- _DESCRIPTION OF THE TASK_
Images aside, the whole listing should be written out word for word.

-----

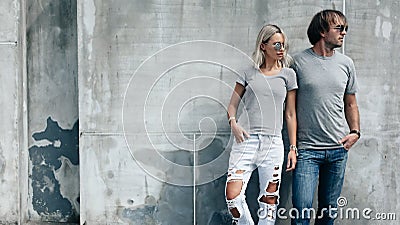 Couple in gray t-shirt over street wall Stock Photo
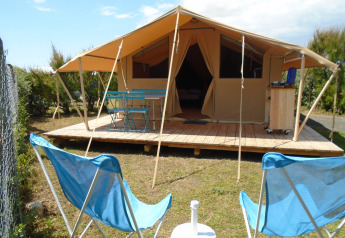Tenda safari Bungalow Classic con veranda in legno, arredi blu da esterno e sedie relax nel giardino.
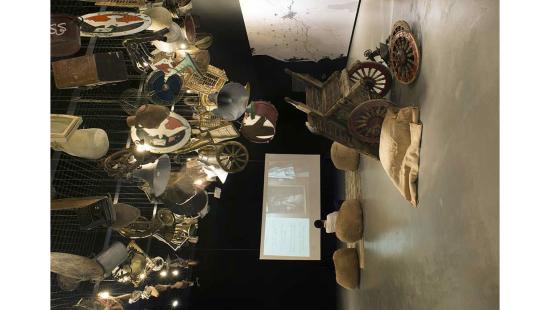 Objects in a gallery space with a screen and items hanging from the ceiling.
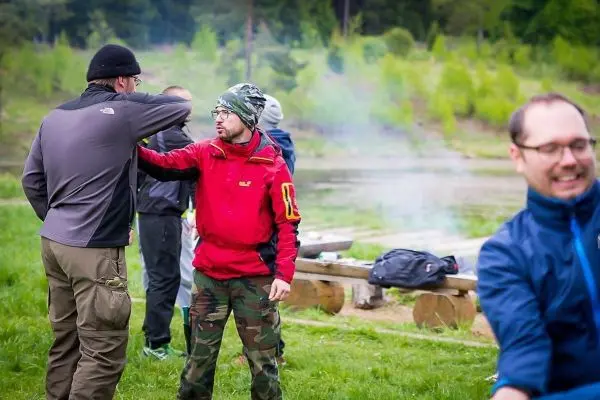 Zwei Personen stehen auf einer Wiese, eine Person berührt die andere am Arm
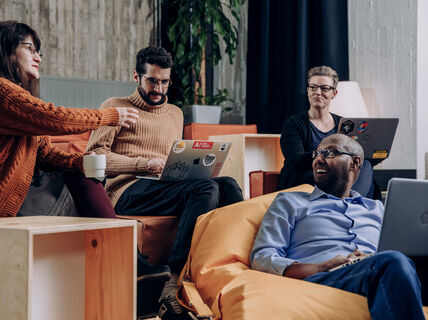 Aalto University employees having a meeting. Photo: Aalto University/Aleksi Poutanen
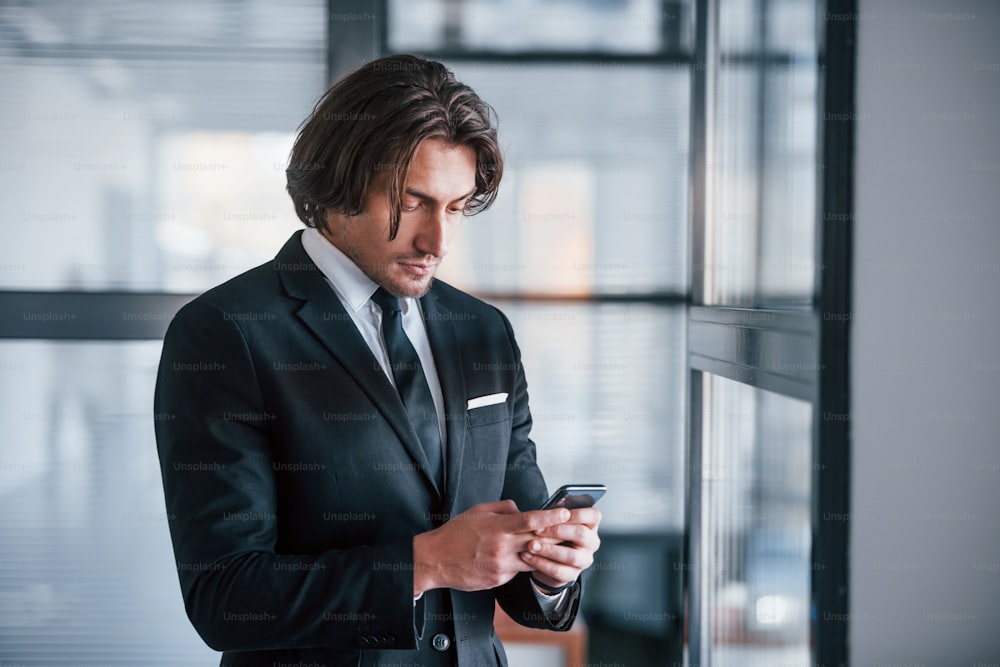 Mit dem Telefon. Porträt eines gutaussehenden jungen Geschäftsmannes in schwarzem Anzug und Krawatte.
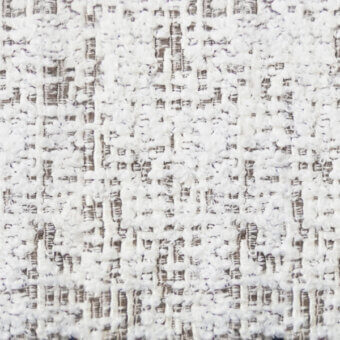 White woven fabric texture with gray and brown threads, displaying a speckled, nubby pattern and matte finish suitable for upholstery.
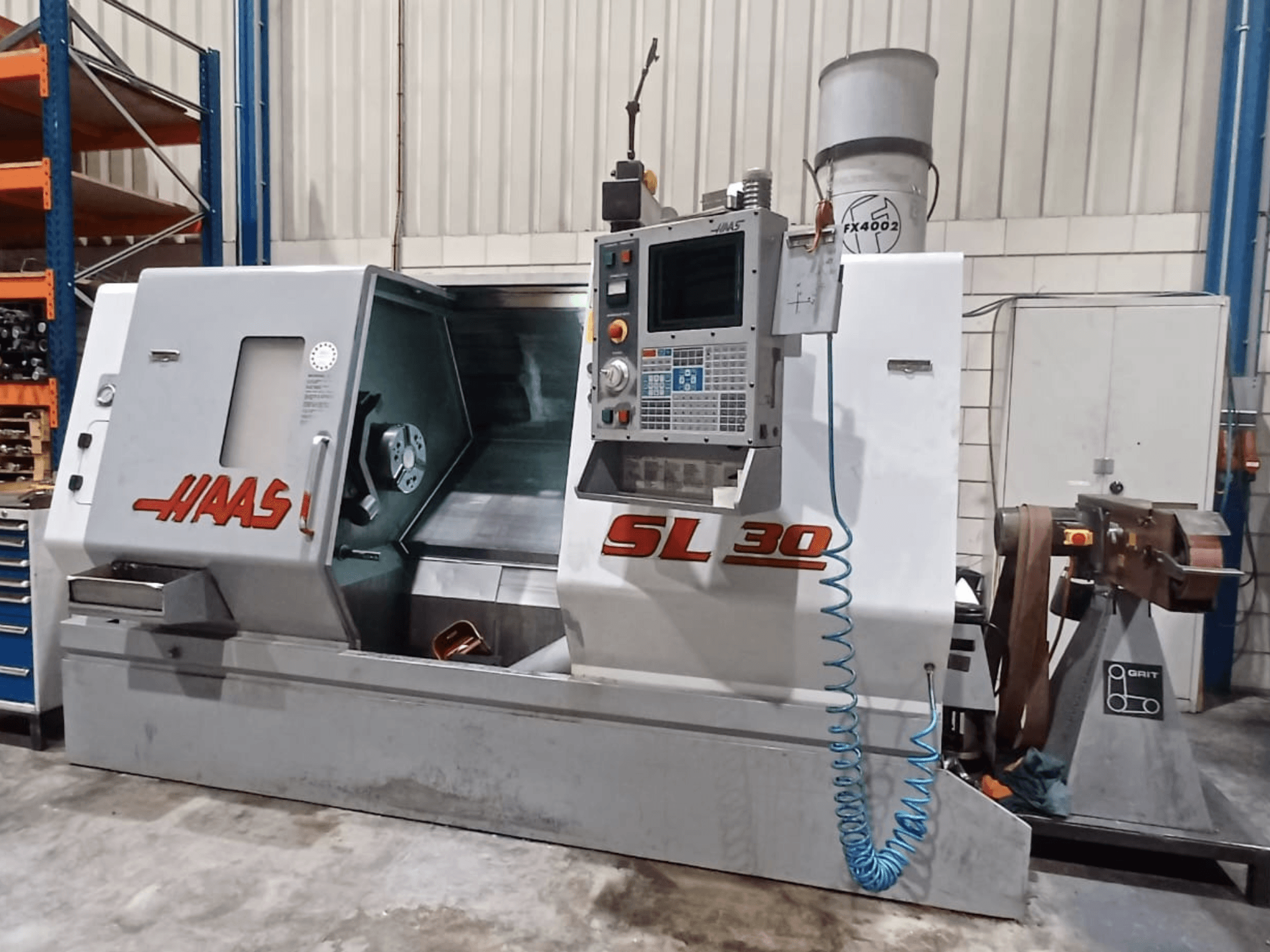 Haas SL 30 CNC draaibank in zijaanzicht, met het bedieningspaneel, het bewerkingsgebied en het geïntegreerde koelvloeistofsysteem voor metaalbewerking.
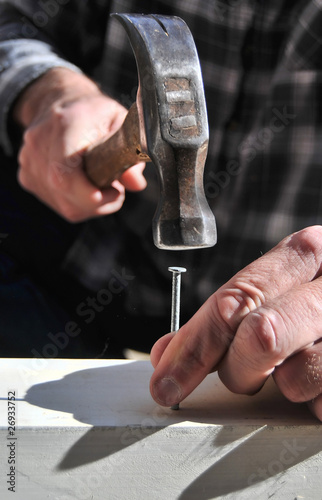 Hand holding a Hammer and Nail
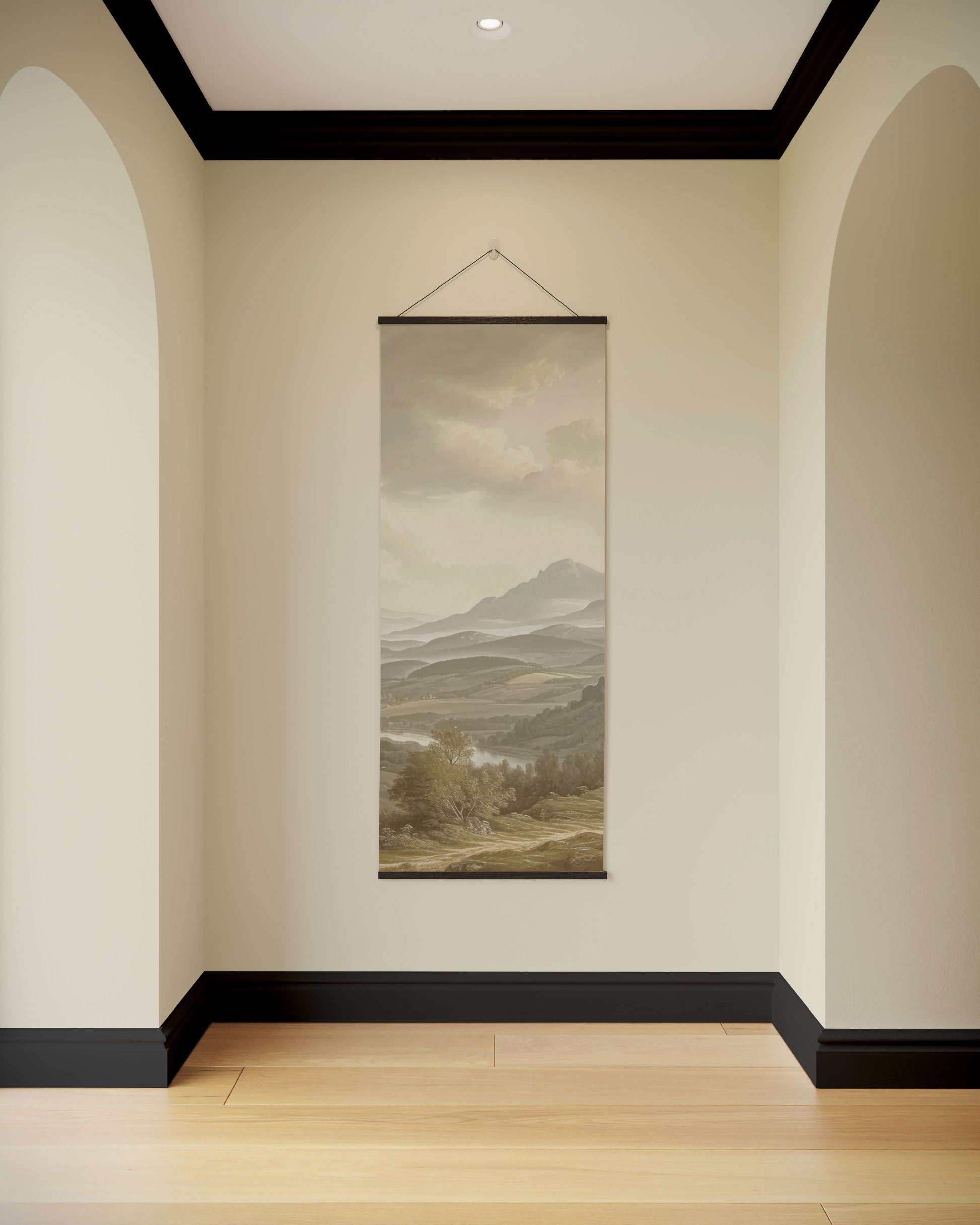 Wall art of a mountain landscape hanging in a room with beige walls and wooden floor.
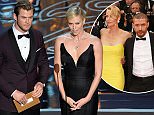HOLLYWOOD, CA - MARCH 02:  Actors Chris Hemsworth (L) and Charlize Theron speak onstage during the Oscars at the Dolby Theatre on March 2, 2014 in Hollywood, California.  (Photo by Kevin Winter/Getty Images)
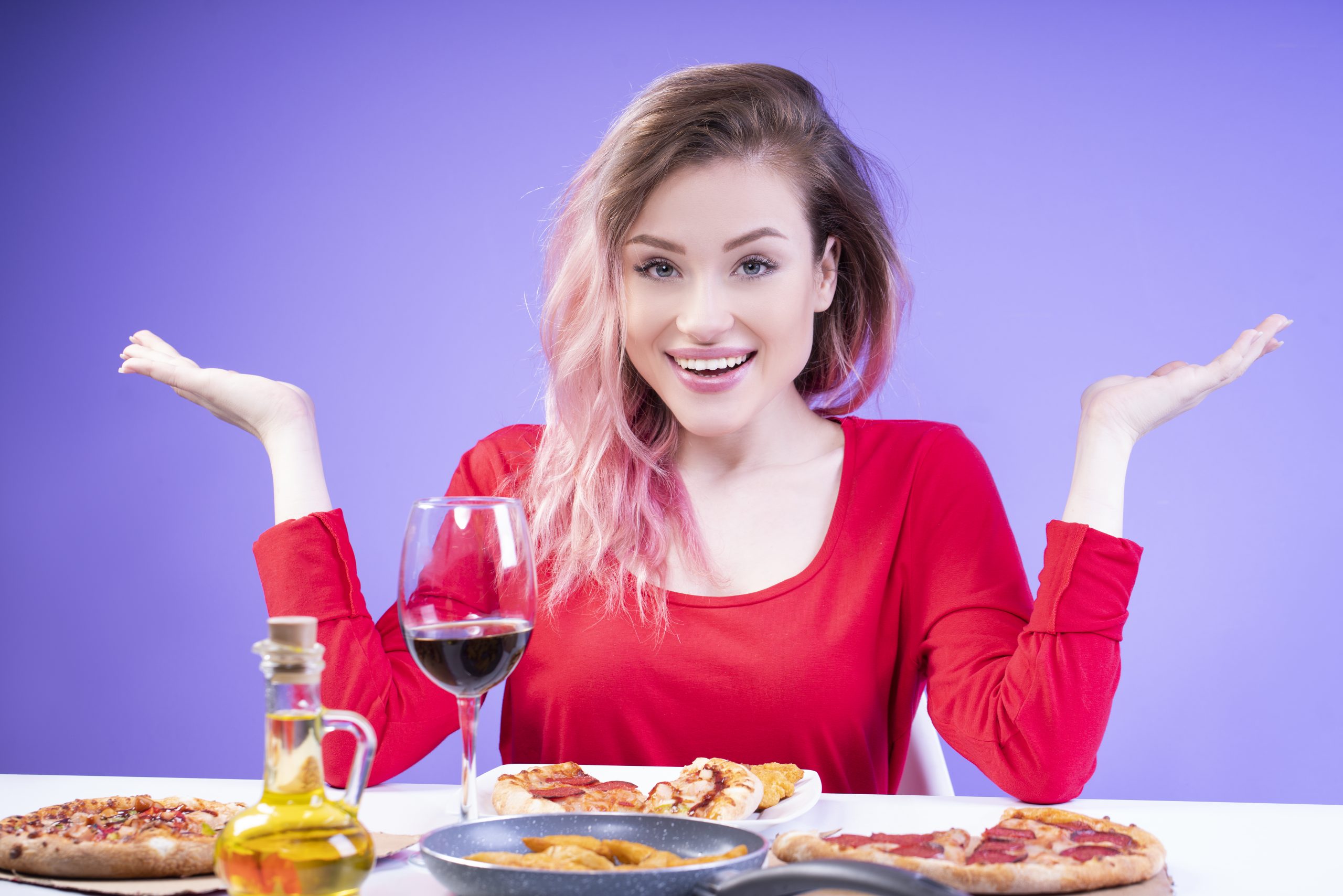 pink-haired girl spreading her arms to the sides looks at the camera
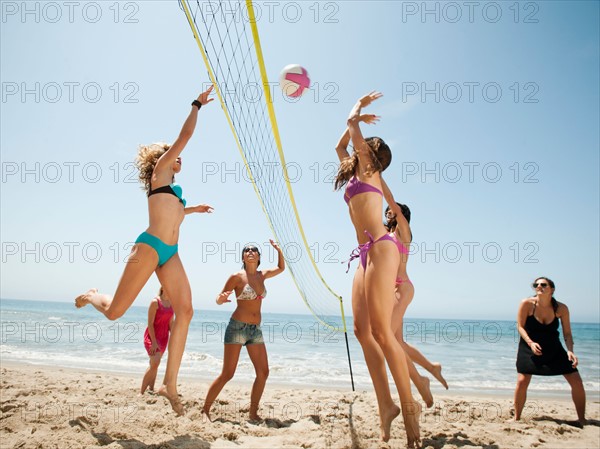 Group of young women playing beach volleyball . Photo: Erik Isakson
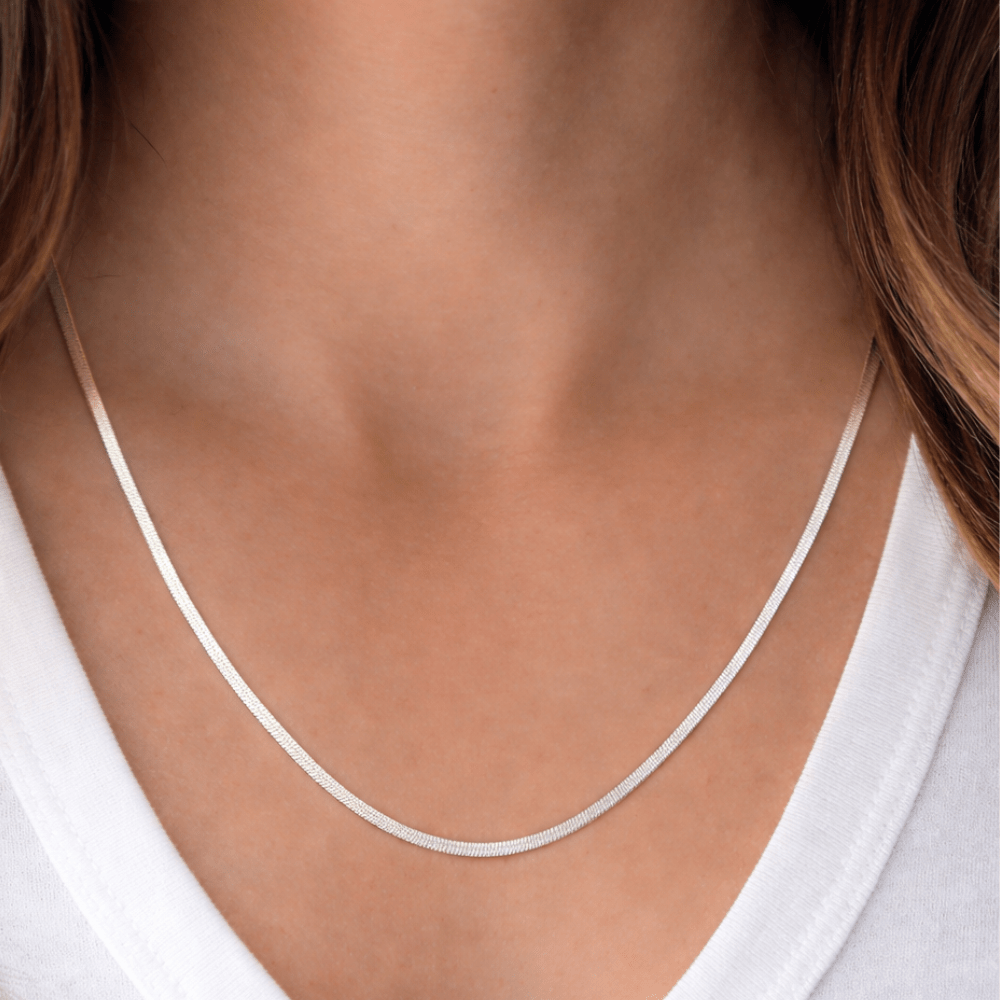 woman wearing silver herringbone necklace everyday styling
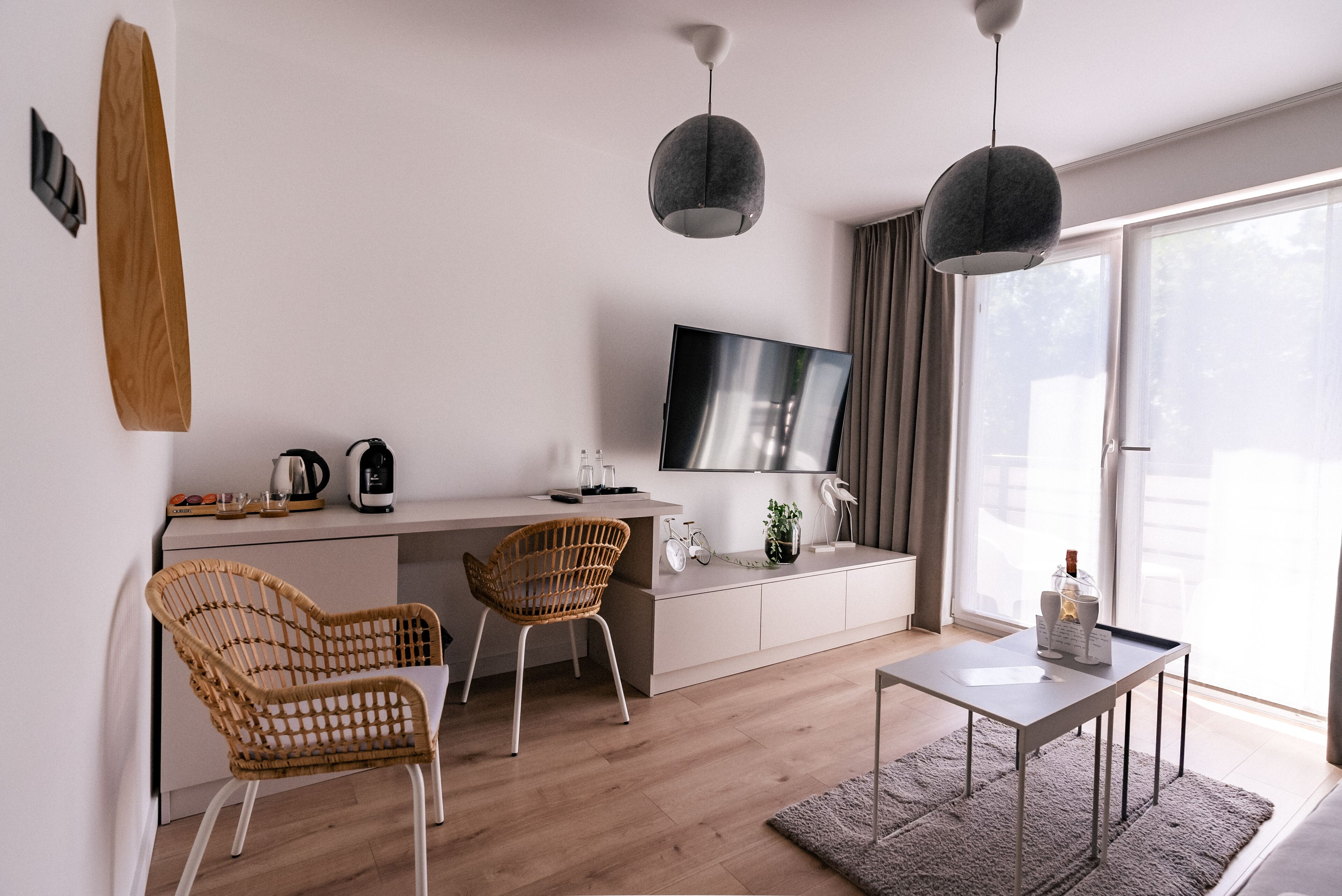 Ein modernes Wohnzimmer mit Flachbildfernseher, zwei Korbstühlen, einem kleinen Tisch und einem großen Fenster mit Vorhängen.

-----

- _TASK ANSWER_
 Couple in gray t-shirt over street wall Stock Photo
Tenda safari Bungalow Classic con veranda in legno, arredi blu da esterno e sedie relax nel giardino.
 Objects in a gallery space with a screen and items hanging from the ceiling.
 Zwei Personen stehen auf einer Wiese, eine Person berührt die andere am Arm
 Aalto University employees having a meeting. Photo: Aalto University/Aleksi Poutanen
 Mit dem Telefon. Porträt eines gutaussehenden jungen Geschäftsmannes in schwarzem Anzug und Krawatte.
 White woven fabric texture with gray and brown threads, displaying a speckled, nubby pattern and matte finish suitable for upholstery.
 Haas SL 30 CNC draaibank in zijaanzicht, met het bedieningspaneel, het bewerkingsgebied en het geïntegreerde koelvloeistofsysteem voor metaalbewerking.
 Hand holding a Hammer and Nail
 Wall art of a mountain landscape hanging in a room with beige walls and wooden floor.
HOLLYWOOD, CA - MARCH 02:  Actors Chris Hemsworth (L) and Charlize Theron speak onstage during the Oscars at the Dolby Theatre on March 2, 2014 in Hollywood, California.  (Photo by Kevin Winter/Getty Images)
 pink-haired girl spreading her arms to the sides looks at the camera
 Group of young women playing beach volleyball . Photo: Erik Isakson
 woman wearing silver herringbone necklace everyday styling
 Ein modernes Wohnzimmer mit Flachbildfernseher, zwei Korbstühlen, einem kleinen Tisch und einem großen Fenster mit Vorhängen.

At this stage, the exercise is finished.